Palestinian border officials said three buses filled with 180 passengers had waited several hours to cross the border at Rafah, the Hamas Islamist-ruled territory’s gateway to Egypt, and some of those waiting responded by forcing the gate open.
“We have not been notified of any reason for the closure, passengers are angry,” one of the officials told Reuters.
Ayub Abu Shaa, head of the Hamas police unit at Rafah, said phone calls to the Egyptian side went unanswered and a crowd of hundreds of Palestinians seeking to cross to Egypt were faced with a locked gate.
According to a security source in Egypt, the crossing remained closed for works which were to have been completed on Friday and efforts were underway to allow through Palestinian buses.

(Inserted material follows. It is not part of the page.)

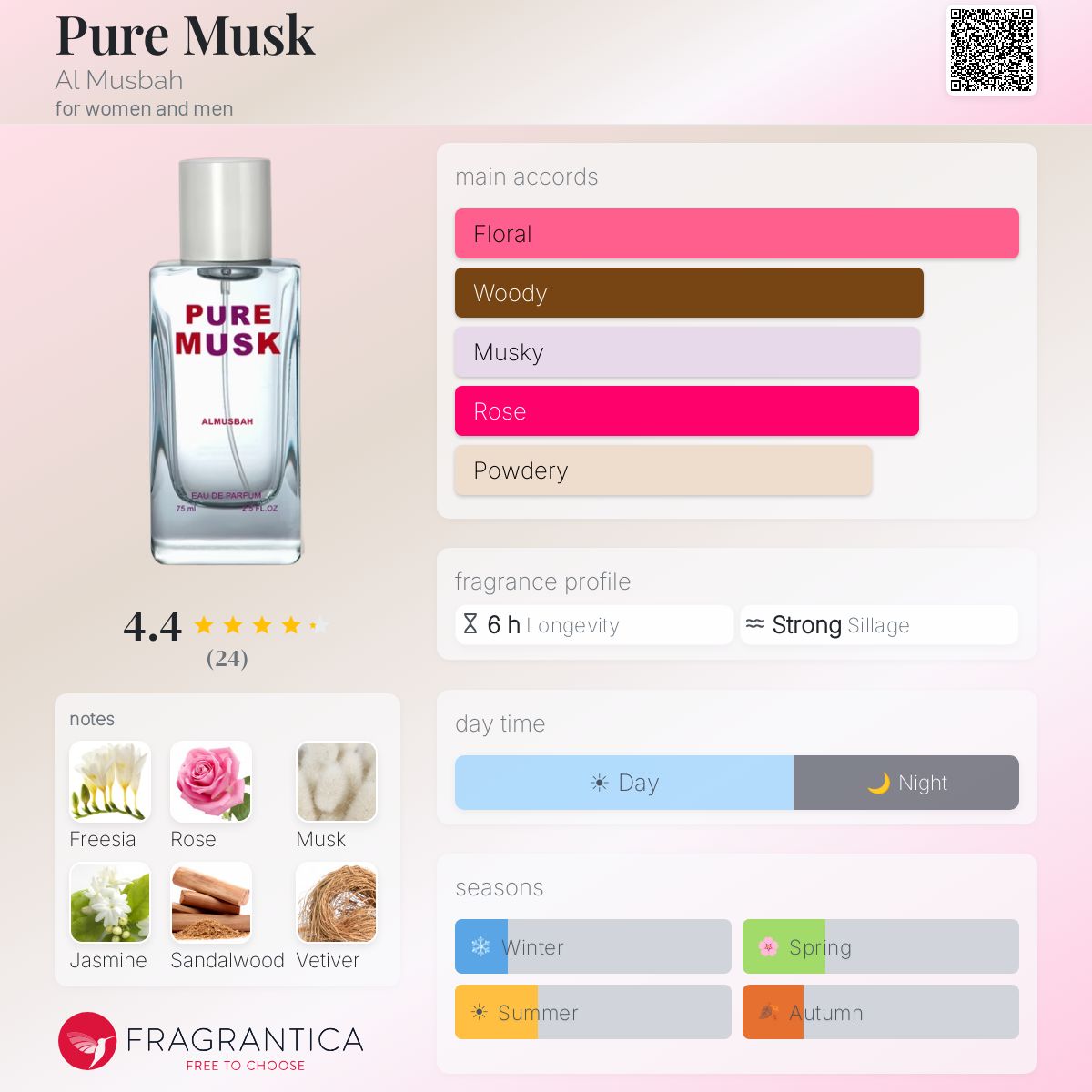 Fragrantica image 5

Egypt reopened the Rafah crossing, the only way in and out of Gaza that is not controlled by Israel, last month after it had been largely shut since June 2006 when Israel imposed a blockade after militants snatched an Israeli soldier.

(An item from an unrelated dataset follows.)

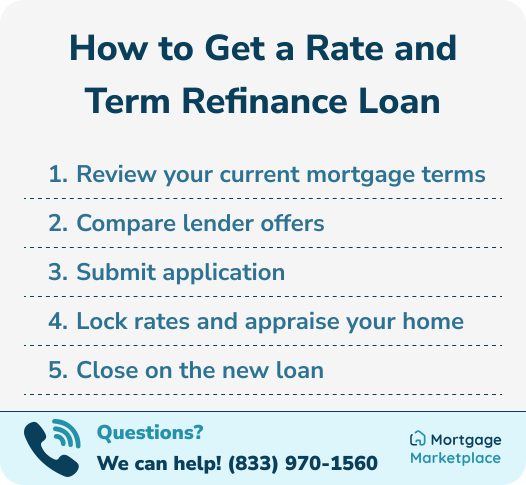 An infographic depicting the application process for a rate and term refinance.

The Israeli blockade was tightened a year later when the Islamist movement Hamas seized control of the territory, with Egypt cooperating by tightly restricting movement through Rafah.
Egypt’s decision to permanently reopen Rafah came more than three months after former Egyptian president Hosni Mubarak resigned following 18 days of massive street protests against his rule.
The sudden closure came a day after Lebanon barred its residents from approaching the border with Israel on Sunday, when the Palestinians mark 44 years since the seizure of the West Bank and Gaza Strip in the Six-Day War.
Palestinians in Lebanon and other Arab states neighboring Israel have said they plan to march on the Jewish state’s borders to mark the anniversary.